In 1943, Ralph Wiley and his boss, John Reilly, both employed by Dow Chemical Company, finished the last requirements needed for the introduction of PVDC, which was formulated in 1939 and monofilaments extruded initially. They also eliminated its green hue and offensive odor.

A common folk etymology holds that "saran" was formed from John Reilly's wife's and daughter's names, Sarah and Ann Reilly. In fact, Dow researchers could not come up with sufficiently appealing names to market the product. Dow instead decided to use Firestone's name for plastic streetcar seats, and purchased the naming rights.

The key to production of the film was credited to Wilbur Stephenson who discovered "that the size and thickness of a freshly extruded tube of Saran could be controlled to produce a uniform thickness that could be blown by a trapped air bubble into a continuous film of remarkable clarity and uniformity."

After the war ended, Dow began producing and selling large rolls of the plastic to commercial businesses.
Dow employees Carroll "Curly" Irons and Russ Ludwig began a side business by purchasing the spools and cutting them into 12" wide, 25' lengths and marketing it as "cling wrap" in 1947. When its popularity reached Charles J. Strosacker, he convinced them to sell their venture to Dow in 1948 and the following year, Dow marketed a retail version of the thin, clingy plastic wrap trademarked Saran Wrap that was sold in rolls and used primarily for wrapping food. It quickly became popular for preserving food items stored in the refrigerator.

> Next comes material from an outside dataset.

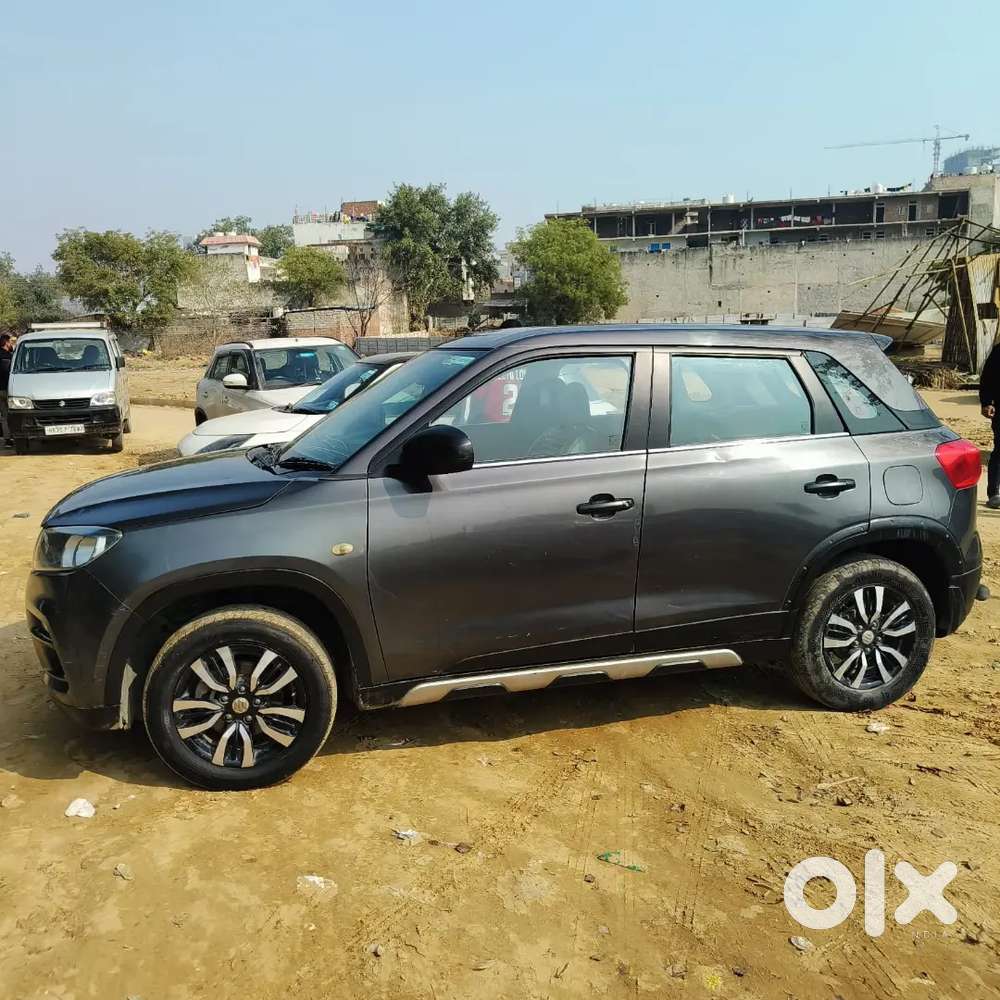 Brezza Diesel Ldi Optional For Sale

After the end of the Vietnam War, the U.S. military phased out PVDC insoles in favor of Poron®, a microcellular urethane, for its jungle and combat boots. However, the British Army continues to use PVDC insoles in its combat boots, primarily because of its insulating properties.

Saran Wrap and other Dow consumer products were acquired by S. C. Johnson & Son in 1998.

==Formulation change to polyethylene==
Today's Saran Wrap is no longer composed of PVDC in the United States, due to cost, processing difficulties, and health and environmental concerns with halogenated materials, and in 2004 was made from polyethylene. However, polyethylene has a higher oxygen permeability, which in turn affects food spoilage prevention. For example, at 23 C and 95% relative humidity polyvinylidene chloride has an oxygen permeability of 0.6 cm^{3} μm m^{−2} d^{−1} kPa^{−1} while low-density polyethylene under the same conditions has an oxygen permeability of 2000 cm^{3} μm m^{−2} d^{−1} kPa^{−1}, or a factor of over 3,000 times more permeable. For that reason, packaging for the meat industry still may use PVDC-containing films, as a barrier layer.